Kernel Two-sample Test with Maximum Mean Discrepancy

Maximum Mean Discrepancy (MMD) as a measure of discrepancy between samples is employed as a test statistic for two-sample hypothesis test of equal distributions. Kernel matrix \(K\) is a symmetric square matrix that is positive semidefinite.
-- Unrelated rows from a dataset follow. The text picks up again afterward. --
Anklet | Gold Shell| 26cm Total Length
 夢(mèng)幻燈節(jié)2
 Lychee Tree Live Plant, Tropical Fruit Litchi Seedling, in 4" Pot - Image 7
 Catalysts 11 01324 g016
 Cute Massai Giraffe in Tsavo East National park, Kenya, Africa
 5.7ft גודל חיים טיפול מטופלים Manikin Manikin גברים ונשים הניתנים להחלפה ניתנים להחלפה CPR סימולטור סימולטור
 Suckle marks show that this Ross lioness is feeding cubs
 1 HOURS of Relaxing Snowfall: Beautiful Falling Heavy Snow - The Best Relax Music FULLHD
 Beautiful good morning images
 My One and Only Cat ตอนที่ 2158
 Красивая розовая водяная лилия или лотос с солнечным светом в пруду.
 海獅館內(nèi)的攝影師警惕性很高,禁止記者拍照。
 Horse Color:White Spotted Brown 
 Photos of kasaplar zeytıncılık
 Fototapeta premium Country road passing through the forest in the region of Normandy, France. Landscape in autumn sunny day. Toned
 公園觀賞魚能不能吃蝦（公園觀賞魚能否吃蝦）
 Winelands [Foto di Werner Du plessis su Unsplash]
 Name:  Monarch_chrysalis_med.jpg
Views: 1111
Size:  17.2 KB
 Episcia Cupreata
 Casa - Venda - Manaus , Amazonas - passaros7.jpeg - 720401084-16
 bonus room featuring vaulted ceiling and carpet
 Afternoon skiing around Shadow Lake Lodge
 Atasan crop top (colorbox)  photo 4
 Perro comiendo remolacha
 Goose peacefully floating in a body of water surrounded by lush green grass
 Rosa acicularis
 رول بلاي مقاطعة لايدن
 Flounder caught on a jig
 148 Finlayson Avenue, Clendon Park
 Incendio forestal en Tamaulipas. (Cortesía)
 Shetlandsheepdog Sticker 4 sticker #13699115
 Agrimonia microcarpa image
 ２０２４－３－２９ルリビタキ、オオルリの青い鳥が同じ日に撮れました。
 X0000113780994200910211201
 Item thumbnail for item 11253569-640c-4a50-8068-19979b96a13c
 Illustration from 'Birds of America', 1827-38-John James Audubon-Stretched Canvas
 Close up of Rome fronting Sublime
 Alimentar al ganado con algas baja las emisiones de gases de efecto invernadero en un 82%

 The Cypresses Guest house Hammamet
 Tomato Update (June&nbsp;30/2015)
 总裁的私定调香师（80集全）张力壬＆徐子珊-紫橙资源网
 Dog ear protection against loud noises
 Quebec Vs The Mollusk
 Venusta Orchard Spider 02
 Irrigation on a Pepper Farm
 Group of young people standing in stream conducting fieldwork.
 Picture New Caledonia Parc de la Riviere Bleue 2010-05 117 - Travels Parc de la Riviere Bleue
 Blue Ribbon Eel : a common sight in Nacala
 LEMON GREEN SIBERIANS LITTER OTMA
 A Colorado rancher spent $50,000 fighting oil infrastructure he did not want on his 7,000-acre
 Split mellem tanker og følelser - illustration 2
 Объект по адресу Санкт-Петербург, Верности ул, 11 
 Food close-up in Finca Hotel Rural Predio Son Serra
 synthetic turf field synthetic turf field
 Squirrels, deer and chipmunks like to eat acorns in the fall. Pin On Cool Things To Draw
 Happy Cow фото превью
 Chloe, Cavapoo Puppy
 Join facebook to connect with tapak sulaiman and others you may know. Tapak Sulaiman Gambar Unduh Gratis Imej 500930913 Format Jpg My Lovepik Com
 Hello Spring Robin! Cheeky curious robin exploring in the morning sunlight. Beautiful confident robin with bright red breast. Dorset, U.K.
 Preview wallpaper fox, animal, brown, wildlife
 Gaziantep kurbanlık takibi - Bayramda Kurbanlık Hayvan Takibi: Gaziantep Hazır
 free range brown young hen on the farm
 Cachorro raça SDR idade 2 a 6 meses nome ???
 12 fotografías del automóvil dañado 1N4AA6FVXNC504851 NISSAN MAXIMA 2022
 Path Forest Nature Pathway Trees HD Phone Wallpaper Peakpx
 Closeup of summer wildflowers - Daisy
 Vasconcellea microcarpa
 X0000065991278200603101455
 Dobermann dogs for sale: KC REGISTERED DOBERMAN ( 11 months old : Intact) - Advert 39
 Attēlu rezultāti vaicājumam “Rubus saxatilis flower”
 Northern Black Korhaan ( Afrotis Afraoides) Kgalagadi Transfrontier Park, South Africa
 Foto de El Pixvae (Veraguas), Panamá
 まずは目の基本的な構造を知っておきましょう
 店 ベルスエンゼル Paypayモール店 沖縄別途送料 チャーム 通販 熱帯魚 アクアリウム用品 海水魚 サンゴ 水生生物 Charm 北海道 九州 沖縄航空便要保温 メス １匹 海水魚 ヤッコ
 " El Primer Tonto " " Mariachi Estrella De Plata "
mmd2test(K, label, method = c("b", "u"), mc.iter = 999)

Arguments

K: kernel matrix or an object of kernelMatrix class from kernlab package.
label: label vector of class indices.
method: type of estimator to be used. "b" for biased and "u" for unbiased estimator of MMD.
mc.iter: the number of Monte Carlo resampling iterations.

Value

a (list) object of S3 class htest containing:

statistic: a test statistic.
p.value: \(p\)-value under \(H_0\).
alternative: alternative hypothesis.
method: name of the test.
data.name: name(s) of provided kernel matrix.

References

Gretton A, Borgwardt KM, Rasch MJ, Schölkopf B, Smola A (2012). “A Kernel Two-Sample Test.” J. Mach. Learn. Res., 13, 723--773. ISSN 1532-4435.

Examples

## small test for CRAN submission
dat1 <- matrix(rnorm(60, mean= 1), ncol=2) # group 1 : 30 obs of mean  1
dat2 <- matrix(rnorm(50, mean=-1), ncol=2) # group 2 : 25 obs of mean -1

dmat <- as.matrix(dist(rbind(dat1, dat2)))  # Euclidean distance matrix
kmat <- exp(-(dmat^2))                      # build a gaussian kernel matrix
lab  <- c(rep(1,30), rep(2,25))             # corresponding label

mmd2test(kmat, lab)                         # run the code !
#> 
#> 	Kernel Two-sample Test with Maximum Mean Discrepancy
#> 
#> data:  kmat
#> MMD = 0.28769, p-value = 0.001
#> alternative hypothesis: two distributions are not equal
#> 

if (FALSE) {
## WARNING: computationally heavy. 
#  Let's compute empirical Type 1 error at alpha=0.05
niter = 496  
pvals1 = rep(0,niter)
pvals2 = rep(0,niter)
for (i in 1:niter){
  dat = matrix(rnorm(200),ncol=2)
  lab = c(rep(1,50), rep(2,50))
  lbd = 0.1
  kmat = exp(-lbd*(as.matrix(dist(dat))^2))
  pvals1[i] = mmd2test(kmat, lab, method="b")$p.value
  pvals2[i] = mmd2test(kmat, lab, method="u")$p.value
  print(paste("iteration ",i," complete..",sep=""))
}

#  Visualize the above at multiple significance levels
alphas = seq(from=0.001, to=0.999, length.out=100)
errors1 = rep(0,100)
errors2 = rep(0,100)
for (i in 1:100){
   errors1[i] = sum(pvals1<=alphas[i])/niter
   errors2[i] = sum(pvals2<=alphas[i])/niter
}

opar <- par(no.readonly=TRUE)
par(mfrow=c(1,2), pty="s")
plot(alphas, errors1, "b", main="Biased Estimator Error", 
     xlab="alpha", ylab="error", cex=0.5)
abline(a=0,b=1, lwd=1.5, col="red")
plot(alphas, errors2, "b", main="Unbiased Estimator Error", 
     xlab="alpha", ylab="error", cex=0.5)
abline(a=0,b=1, lwd=1.5, col="blue")
par(opar)
}